Does it really make sense to speak of tense with
a modal? Aren't most modals invariant? Doesn't tense
require a change of form?
We must have been there is simply modal
perfect. If must is past tense, then what do we do with must
be there? The difference between them is not tense, but aspect.
Since perfect aspect gives a sense of completion, it will seem like past
tense, but that is true in all present perfect verb phrases (like She has
eaten.)
Perhaps historically would was past
tense of will, but they seem to me very independent at this juncture
in time. I would if I could but I can't so I won't.

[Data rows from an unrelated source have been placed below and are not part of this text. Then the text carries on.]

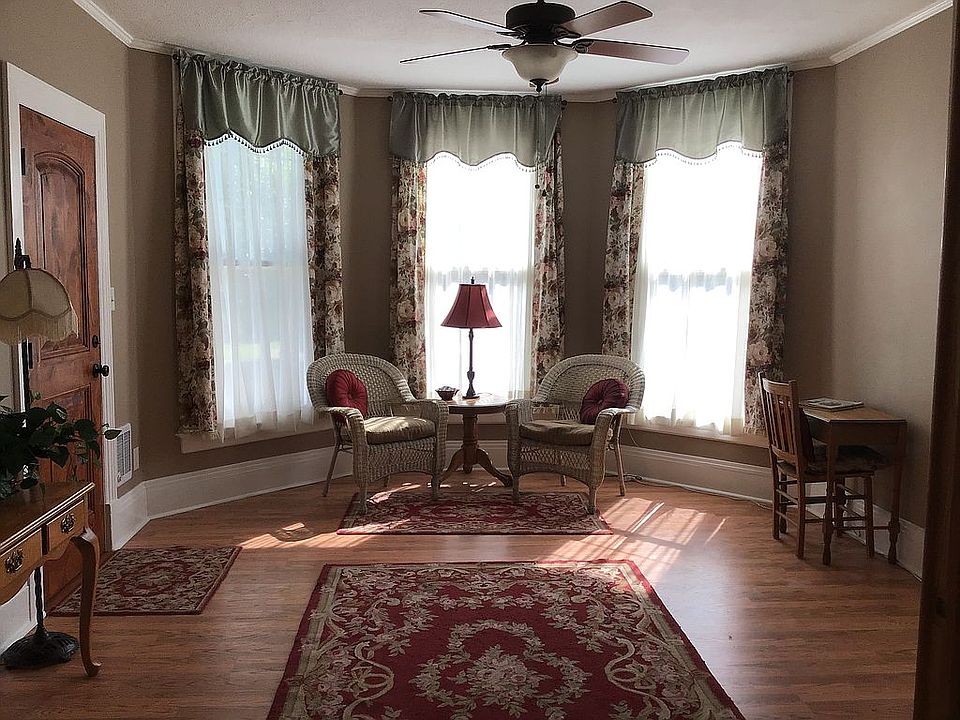Apt 1 - Living Room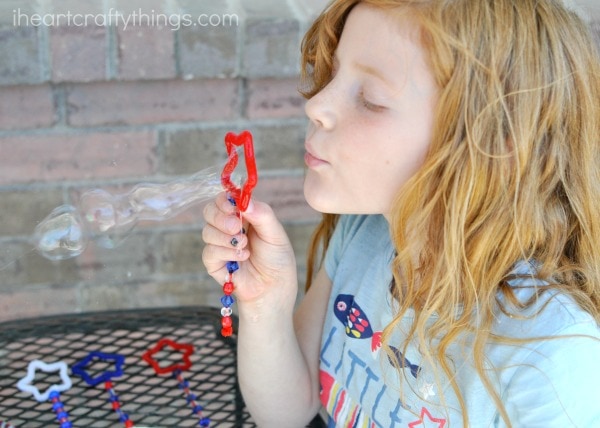 patriotic diy bubble wands 3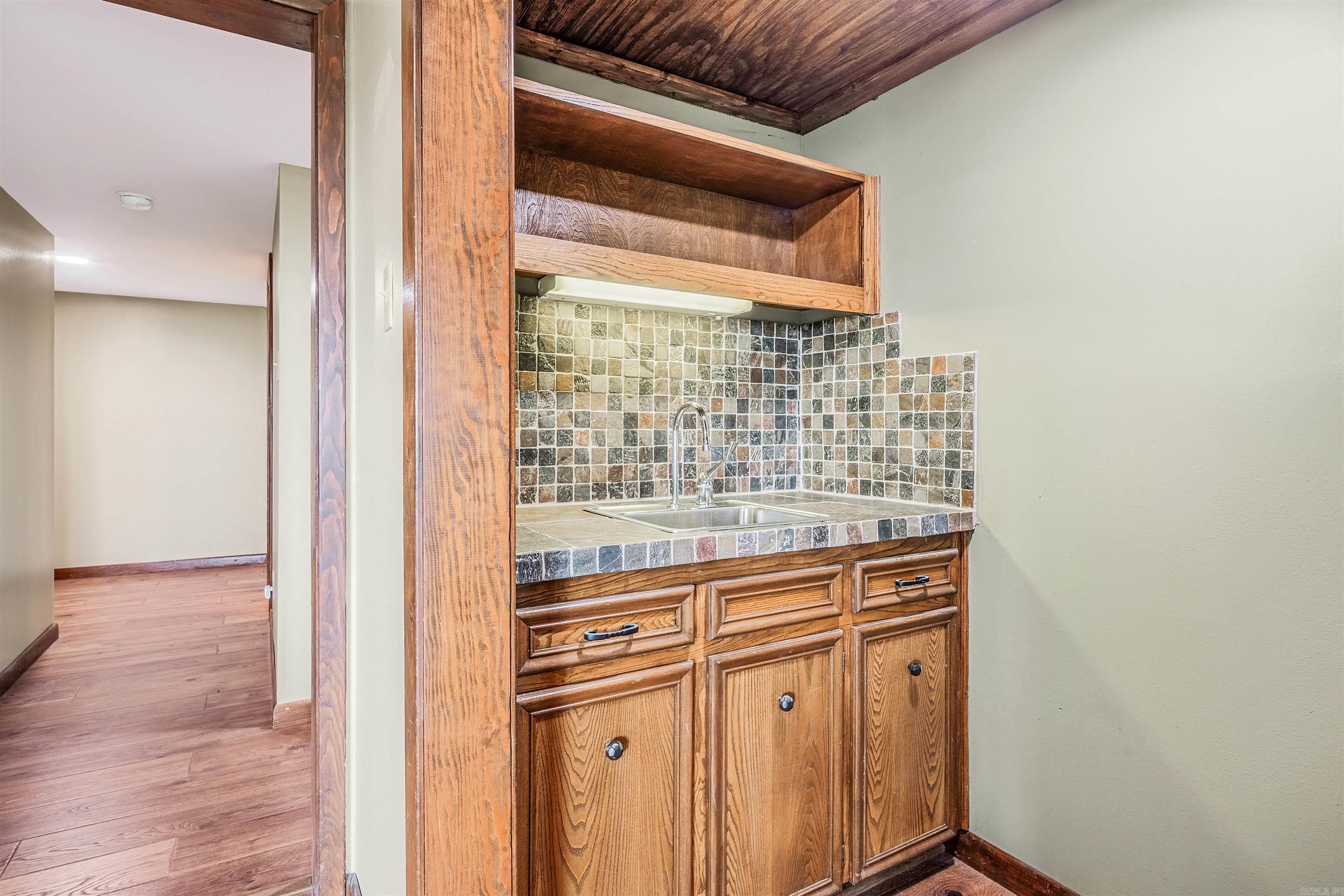 INDIAN HILLS - Residential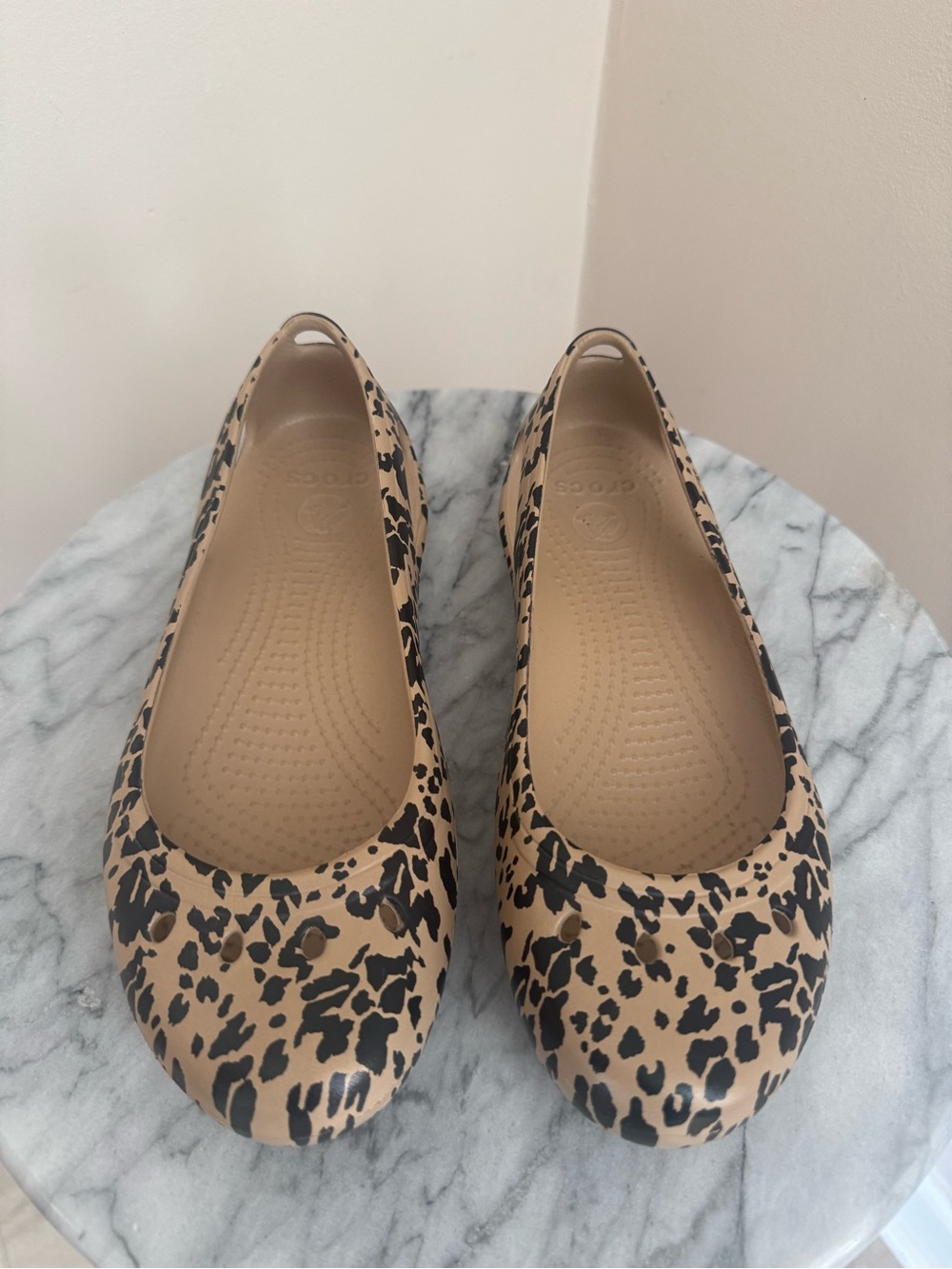 Crocs Kadee Ballet Flats Leopard Print Slip On Comfort Shoes Women’s Size 7 - Picture 4 of 9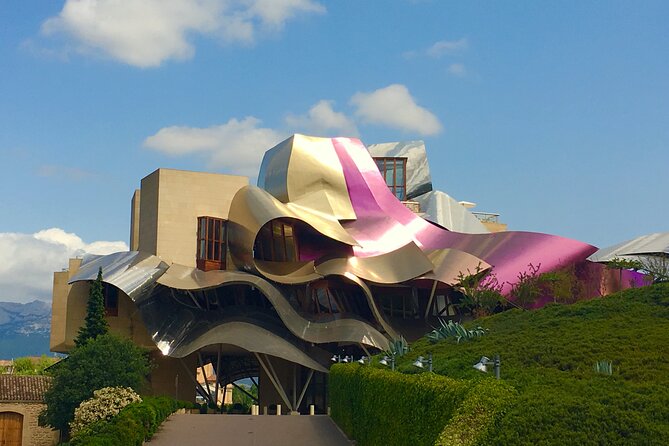 Full-Day Private Wine Tasting Tour in La Rioja With Lunch - Discovering the Flavors of Rioja Cuisine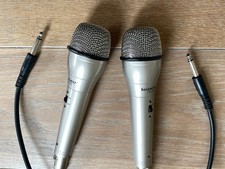 2 Mikrofone aus Metall aus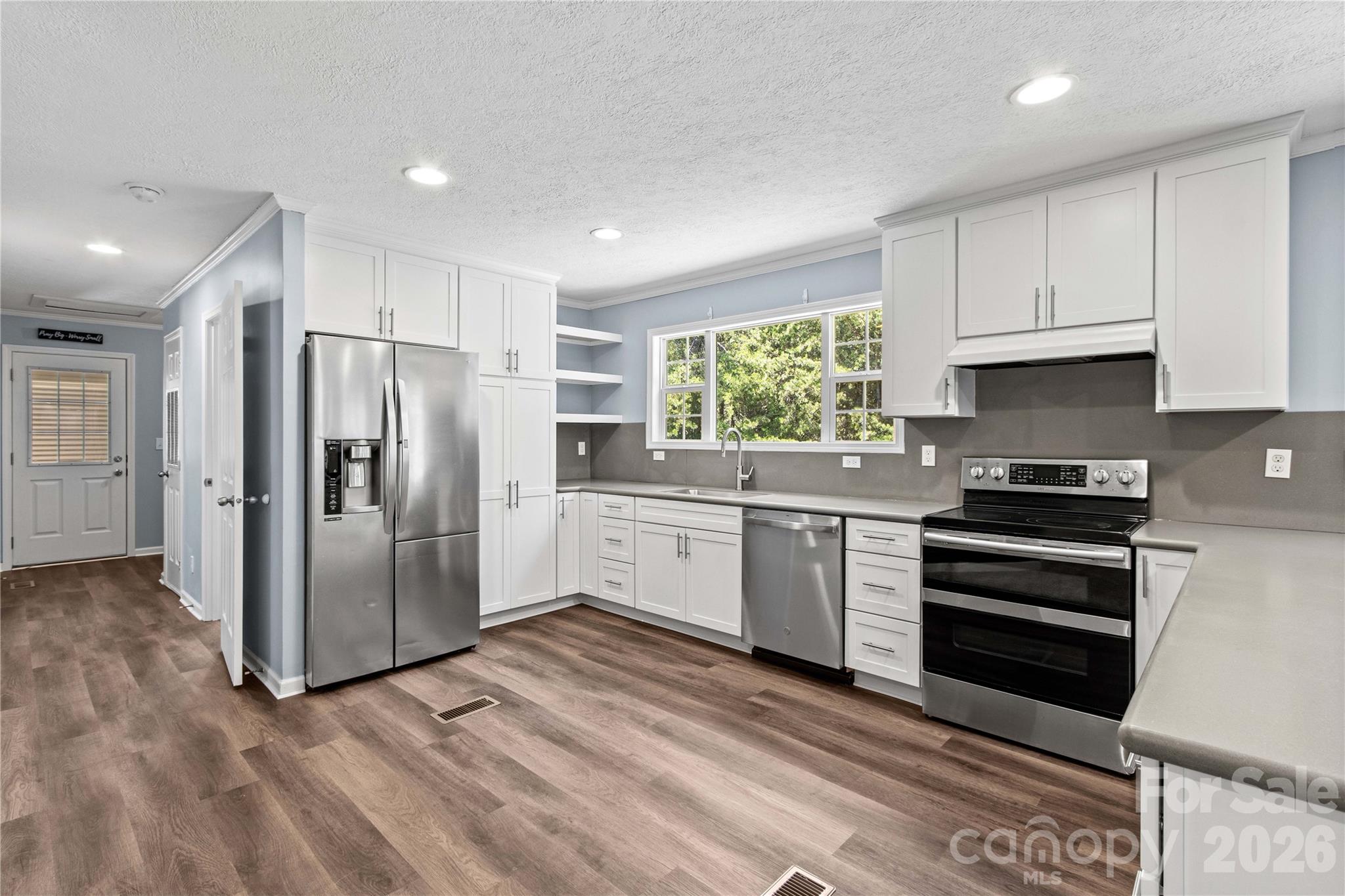 Single Family Residence at 327 James Farm Road, Statesville, photo 12 of 36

Surely all of these have reference to present or future time. The
difference between I would go and I will go is attitude about
the conditions under which it will happen as opposed to the certainty of
it happening. To think of one as the past tense version of the other
would be terribly misleading.
Can we think of used to as past tense
if there is no use to?
The auxiliaries in question are finite auxiliaries,
the auxiliaries which make the verb phrase a finite verb phrase (and an
arguable proposition) by grounding the statement in modality and/or tense.
By modality, I think we should understand the attitude of the speaker as
being expressed. It is generally a present tense attitude even if
toward past or future time.
She has been equals present perfect.
She might have been adds the notion
of uncertainty. It is a statement about the possibility of it having happened.
The idea would be that in the present moment of my speaking, I believe
it is possible that she has been. She should have been adds
attitudes about desirability or obligation.
We can say she had been, (past plus
perfect), and might have been (modal perfect) but there is
no equivalent for She might had been (modal plus past plus perfect)
or even might has been (modal plus present plus perfect.)
We do have periphrastic forms that
allow us to combine modality with tense and also allow us to compound
modality, but generally speaking the finite role happens only once in a
verb phrase. The finite auxiliary is also the auxiliary that moves
to the front of the clause when we turn it from statement into question.
She will go equals statement. Will she go equals question.
The mood element (grammatical subject plus finite verb) is at the heart
of what makes a sentence a sentence in traditional grammar, a much better
way of talking about it than the grossly misleading complete thought.
There may be competing ways to analyze this,
but this is the one that makes the most sense to me.